= Zhao Weihou =

Zhao Weihou (赵威后) was a Chinese empress. She was known by many titles, possibly including Empress Dowager, Empress Dowager Xiaowei, the Queen of King Huiwen of Zhao, King Xiaocheng of Zhao, Chang Anjun, Fuling Jun. She was the mother of Yan Wucheng. After the death of Hui Wenwang, she entered politics in her early thirties.

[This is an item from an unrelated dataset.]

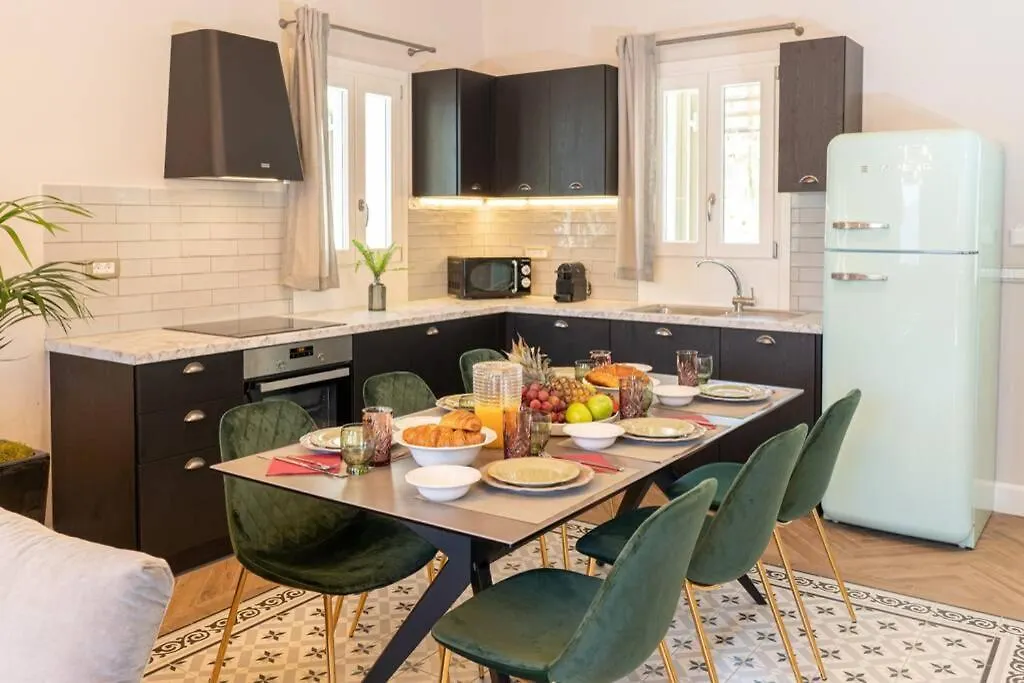 Luxury Seafront Villa Liberty With Pool In Φισκάρδο Ελλάδα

History reveals two records of her actions in the period of her rule (which was one year). One record claimed that she was a dragon. In another record, she consulted the king, though the name of the king is unknown. Supposedly, Zhao Weihou died one year after she took office, and her son Xiao Cheng Wang began on the side of a democratic government.

== Qin attack ==
In 266 BC, Zhao Huiwen died and Prince Dan took over as King Xiaocheng of Zhao. While Xiaocheng was young, national affairs were represented by Zhao Weihou. Zhao Weihou valued the people's livelihood and was sympathetic to them, increasing her prestige. At that time, although Zhao had Lin Xiangru, Lianpo, and the plains supported the facade, their national strength was not as good as before. After Zhao Weihou took power, the Qin sent troops to attack Zhao. Zhao did not have the strength to confront the Qin State and had to ask for help from Qi. The state of Qi wanted Zhao Weihou’s son Changan Jun as a hostage before they were willing to send troops. Zhao Weihou loved her son and refused to do so. Chu Long then convinced Zhao Weihou to send her son over, and Changan Jun was sent to Qi as a hostage, and Qi sent troops to save Zhao.